An Evidence-driven Protocol for Trustworthy CI Pipelines

Source: arXiv:2605.21089 · Published 2026-05-20 · By Fernando Castillo, Eduardo Brito, Pille Pullonen-Raudvere, Sebastian Werner, Stefan Tai

TL;DR

This paper addresses the growing challenge of ensuring integrity, authenticity, and trust in software artifacts produced by Continuous Integration (CI) pipelines, especially in complex enterprise supply chains vulnerable to infrastructure attacks. Traditional approaches require every consumer of artifacts to redundantly rebuild and test software to verify provenance, which creates verification bottlenecks and reduces credibility. The paper proposes a novel evidence-driven protocol that integrates Deterministic Build Systems (DBS) with Trusted Execution Environments (TEEs) to provide cryptographically verifiable evidence of integrity and attestation throughout the CI process.

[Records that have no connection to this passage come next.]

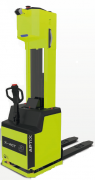 Autonomer Gabelhubwagen APTIX XL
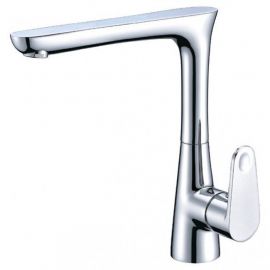 Смеситель для кухонной мойки  KAISER Corner 48044_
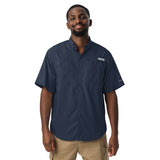 Men’s Luxe Soulstar x Columbia Button-up Shirt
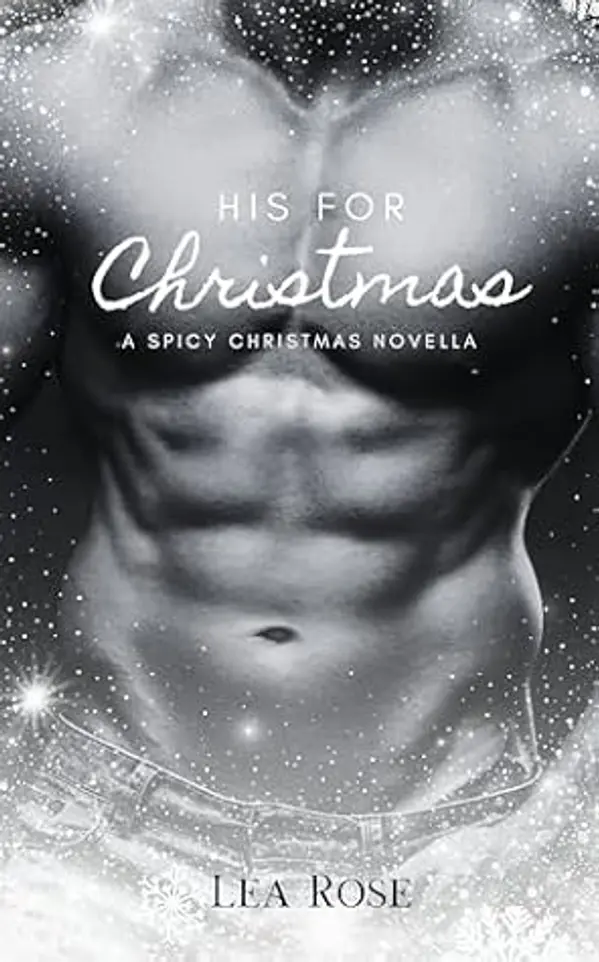 His For Christmas by Lea Rose cover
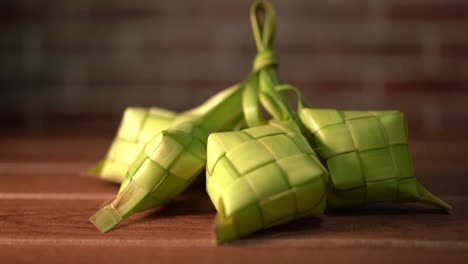 ketupat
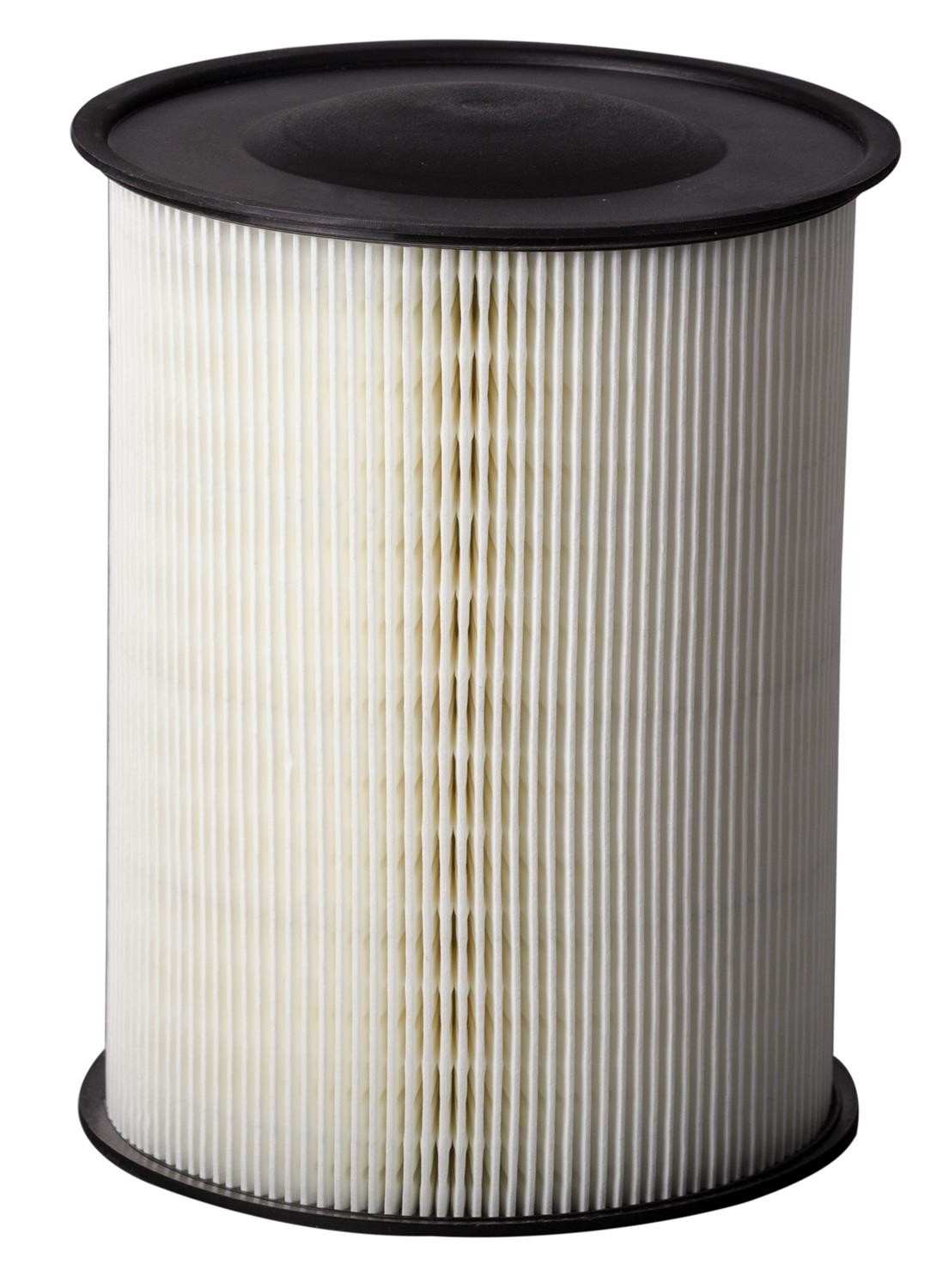 Pronto Air Filter  top view frsport PA6149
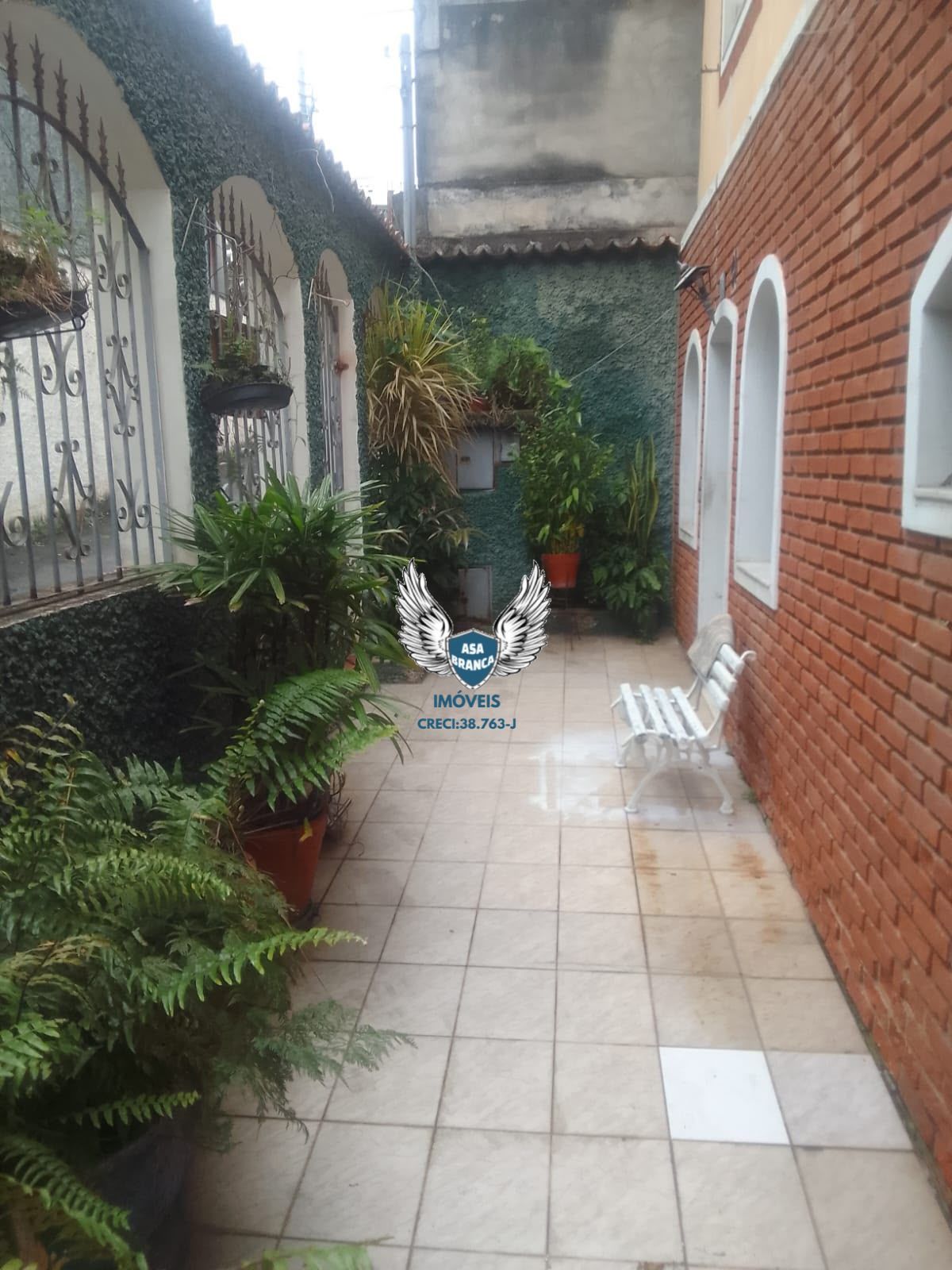 Sobrado, 2 quartos, 105 m² - Foto 12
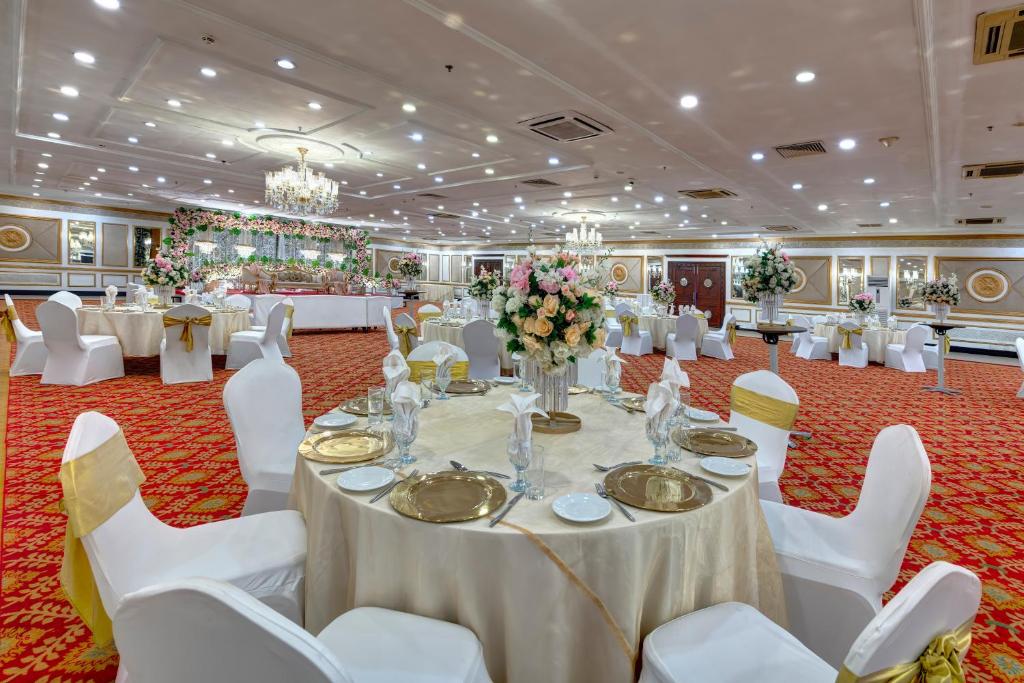 Bhaijaan Biryani House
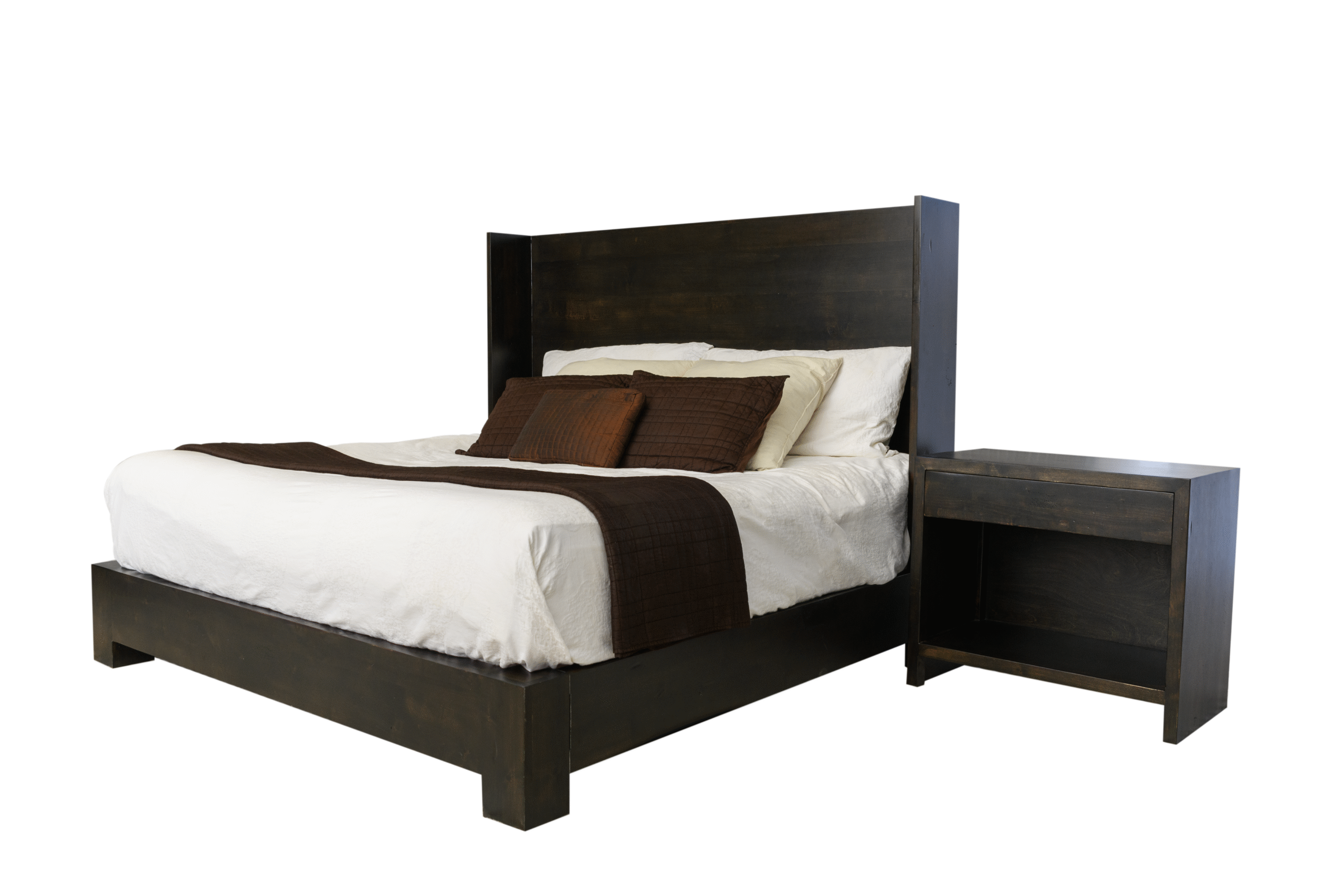 modena bed king size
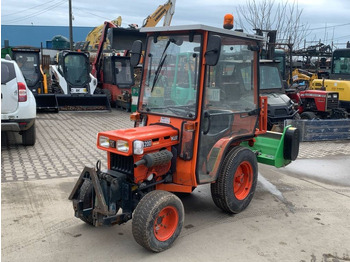 Tractor KUBOTA B series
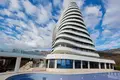 1 bedroom condo 50 m² Becici, Montenegro
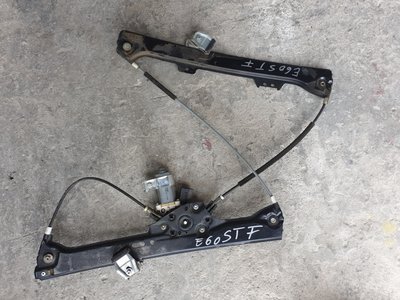 Macara electrica geam stanga fata Bmw Seria 5 E60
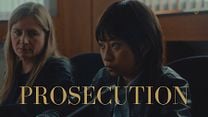 imagen de Primer Tráiler Oficial de 'Prosecution'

The key innovation is a protocol that formalizes an evidence life cycle—from raw data collection through authentication and attestation to actionable evidence—produced by tamper-resistant TEE-executed deterministic builds. This evidence is cryptographically bound and anchored to a blockchain ledger, enabling scalable, lightweight artifact verification by consumers without requiring costly rebuilds. A practical proof-of-concept implementation using GitLab, NixOS, Argo workflows, Intel TDX TEEs, and Ethereum-based attestation service demonstrates the approach. Experiments show that although overhead for the CI producer roughly doubles runtime and resource use, the verification cost for potentially hundreds of artifact consumers is reduced from redundant execution to fast cryptographic checks. The results highlight a trade-off favoring a single trusted CI build producing a scalable, auditable chain of custody for artifacts.

Key findings

Evidence-driven CI pipeline with TEEs and DBS doubles total workflow time (e.g., increases Oracle Core CI from 3.32 to 6.00 minutes).
CPU consumption approximately doubles with the protocol (e.g., Oracle Core CPU rises from 21.6s/CPU to 39.2s/CPU).
Memory consumption also doubles (e.g., Oracle Core from 4.8s/100MiB to 9.6s/100MiB).
Runtime for individual CI tasks roughly doubles (Oracle Core from 52.64s to 113.2s with evidence protocol).
Every attested evidence signature adds ~294 bytes overhead to artifacts.
Cryptographic operations during attestations impose ~80ms latency each.
Blockchain commit cost is around 393k gas per attestation entry, revocation cost varies from 6.4k to 88k gas.
Simulated scenario shows verification cost grows linearly with number of consumers in untrusted model, but remains nearly constant with evidence-driven approach (Fig 4).

Threat model

Adversaries may be insiders such as malicious CI administrators or developers, external attackers controlling third-party dependencies, or anyone attempting to compromise the build and test environment integrity, inject malicious code, or produce fraudulent artifacts. They cannot break the hardware-enforced isolation of TEEs, forge attestation proofs, or compromise cryptographic keys managed under secure key management systems. The model assumes trust anchors at hardware manufacturing and secure key provisioning.

Methodology — deep read

The authors define a threat model around adversaries capable of compromising CI processes, injecting malicious modifications or backdoors (S1), exploiting third-party dependencies (S2), and exploiting insufficient continuous evidence and audit trails (S3). The trust model includes repository owners, developers, CI admins, version control systems, artifact registries, pipeline infrastructure, and deployment environments.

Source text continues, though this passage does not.